Many auto executives have said the “missing link” for autonomous success has been cities being wired to funnel data to cars for them to be able to meaningfully drive themselves. So Toyota, the world’s largest automaker, is now setting its sights on building an all-autonomous city.
Toyota President Akio Toyoda kicked off the idea by gathering with Shinto priests at the base of Mount Fuji and praying for success. At an area where the company recently shuttered a factory, the automaker’s focus has turned to the idea of a 175-acre community to test future technologies such as autonomous vehicles, according to Bloomberg.
Toyoda said: “It’s a new chapter in our story and in our industry.”
Toyota is calling it the “Woven City” and it’ll be located about a 2 hour drive from Tokyo. The city will hand pick its residents and will test not only autonomous vehicles, but autonomous deliveries and mobile shops. Construction is expected to be completed in 2024.
Hiroki Kuriyama, senior vice president of Nippon Telegraph and Telephone Corp., has said that cities feeding cars information will be the “the next big leap forward” for autonomous. His company is partnering with Toyota to develop the technology needed for the city.
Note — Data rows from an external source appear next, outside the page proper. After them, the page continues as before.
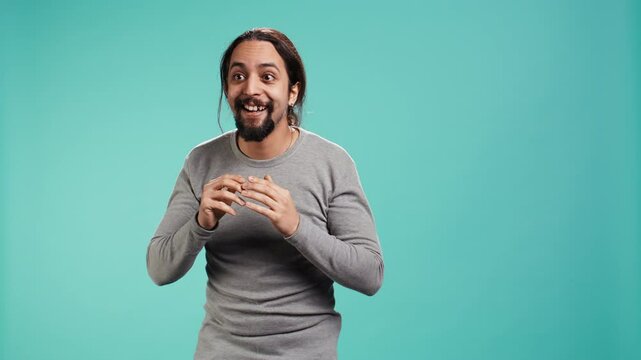 Disappointed man admonishing friend over debacle, isolated over blue studio background. Upset person in disagreement with mate, pointing finger and lecturing him, camera B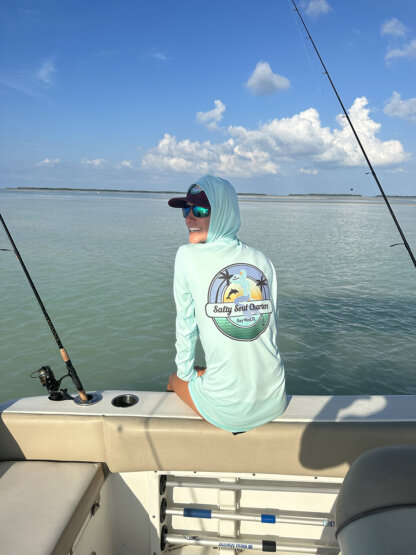 A woman sitting on a boat, wearing the Salty Soul Charters UPF 50+ Hoodie and holding a fishing rod.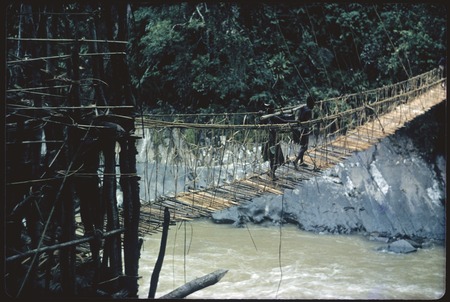 Jimi River area, men carry cargo across a narrow cane suspension bridge on way from Tabibuga to Kwiop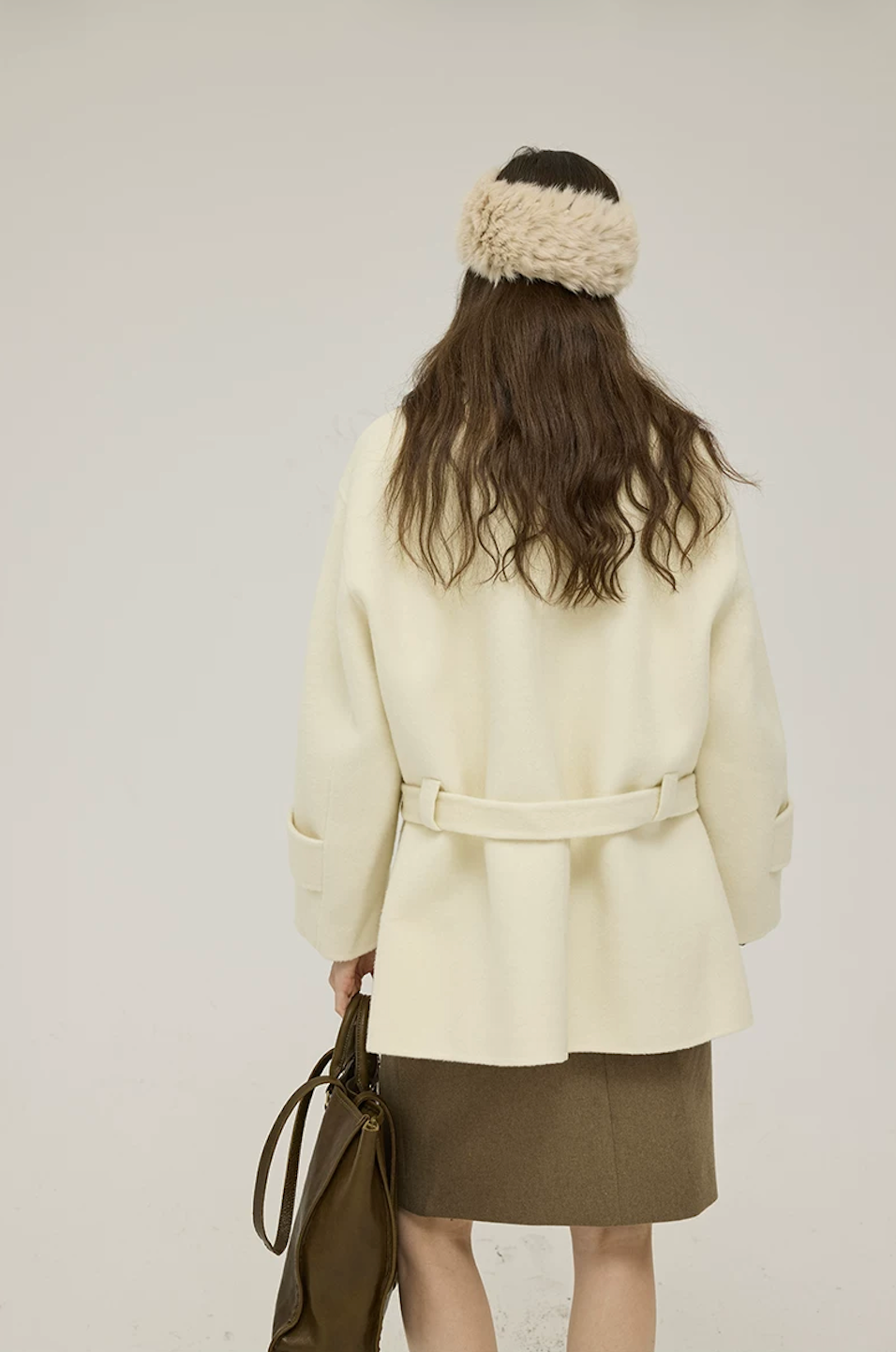 Back view of a Cream double-face wool coat belted through back loops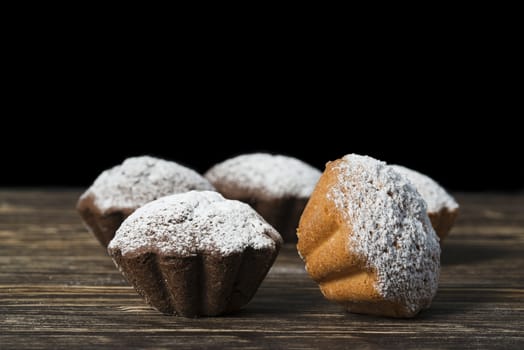 Homemade muffin on brown wooden background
Kuriyama notes that sensors and cameras built into infrastructure – and possibly even data from mobile phones – will make it easier to gather data that can then be “processed via optical networks” before being fed to cars, allowing them to navigate safely.
Toyota announced this week is was buying Lyft’s autonomous self-driving operations for $550 million. As a result of that deal, Toyota will take on 300 new employees and will ascertain tons of data that Lyft has already collected.
James Kuffner, Toyota’s chief digital officer and head of Woven Planet said the combination “can create a scalable solution that brings mobility beyond what we’re seeing today.” He continued: “Woven City will allow us to try out different city infrastructure. If cars and cities can communicate with each other in a smart way, I think we can build safer systems.”
The city will also feature smart homes that take on their own trash and restock their own refrigerators. The city’s ecosystem will be powered by hydrogen.
Nakanishi Research Institute head Takaki Nakanishi said: “Mobility, living and cities are going to become connected, and control of that standardized software, that’s what everyone wants.”
Kuriyama is confident the technology being used in the Woven City will be available within 5 to 10 years. “But what’s important is whether residents living in other cities will welcome those technologies,” he said.
Alexander Soley, an independent consultant focusing on autonomous vehicles, said: “When it comes to new technologies, you can’t just release them and expect them to get picked up, they need to sit with people for a good period of time.”
“Elderly families are a group targeted to live in the city. How will they feel about stepping foot in a car without a driver? That’s what Toyota’s trying to figure out,” he continued.
The town is going to house about 360 visiting scientists, Toyota employees, families and retirees. That number will eventually push into the thousands. The estimate costs is “upwards of a billion dollars” to build the city.